I used Mathematica to directly verify this identity for $n=1,2…10$. So it should be correct. But I failed to give an analytical proof. It will be great if you can provide some hints or give your proof here : )
FYI, the context for me to show this identity is to justify the formula of Kac determinant in 2D conformal field theory. LHS is the power of Kac determinant computed from Virasoro algebra. RHS is also the power of Kac determinant but computed by using singular vectors. And I want to see they give the same answer(it should)
Here is my unsuccessful method. I tried to use induction and it goes as following:
(1) For $n=1,2$, we can do a direct calculation to see it is correct.
(2) For $n-1$, we assume it is correct. Then for $n$, we have,
\begin{align}
LHS &= \sum_{k=1}^n k\, p(n,k)=\sum_{k=1}^n k\, \left(p(n-k,k)+p(n-1,k-1) \right) \\
&= \sum_{k=1}^n k\,p(n-k,k) + (k-1)p(n-1,k-1) + p(n-1,k-1) \\
&= \sum_{k=1}^n k\,p(n-k,k) + p(n-1,k-1) + \sum_{k=1}^{n-1}k\,p(n-1,k)
\end{align}
\begin{align}
RHS =
\sum_{r,s\ge 1, rs\le n-1}p(n-rs)+\sum_{r,s\ge 1, n-1\le rs\le n}p(n-rs)
\end{align}
Now we have to show $\sum_{k=1}^n k\,p(n-k,k) + p(n-1,k-1) = \sum_{r,s\ge 1, n-1\le rs\le n}p(n-rs)$ to complete the proof.

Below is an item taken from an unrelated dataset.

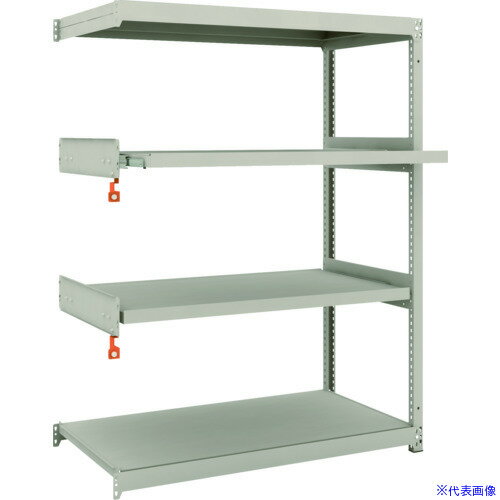 ■TRUSCO スチールラック M1.5型軽中量棚 1160×595×H1500 4段うちスライド2段 連結 M1.55462M2B(1497819)(3.0)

But I was stuck here.
Best Answer
The generating function of $\sum_{r,s\geq 1, \ rs\le n}p(n-rs)$ is $$\sum_{n=0}^\infty p(n)q^n\sum_{r=1}^\infty\frac{q^r}{1-q^r} =\sum_{r=1}^\infty\frac{q^r}{1-q^r} \prod_{j=1}^\infty\frac{1}{1-q^j}.\tag{1}$$ The $r$-th term in $(1)$ is $$\frac{q^r}{(1-q^r)^2}\prod_{j\ne r}\frac{1}{1-q^j} =\sum_{t=1}^\infty tq^{tr}\prod_{j\ne r}\frac{1}{1-q^j}.$$ This equals $$\sum_{\lambda\in\mathcal{P}}a_{r}(\lambda)q^{n_\lambda}$$ where $\mathcal{P}$ is the set of all partitions, $n_\lambda$ is the number partitioned by $\lambda$, and $a_r(\lambda)$ is the multiplicity of $r$ as a part of $\lambda$. Then $(1)$ is $$\sum_{\lambda\in\mathcal{P}}A(\lambda)q^{n_\lambda}$$ where $A(\lambda)$ is the number of parts of $\lambda$. But that is also $$\sum_{k=1}^\infty k\sum_{n=k}^\infty p(n,k)q^n=\sum_{n=0}^\infty\sum_{k=1}^n kp(n,k)q^n$$ which gives the desired result.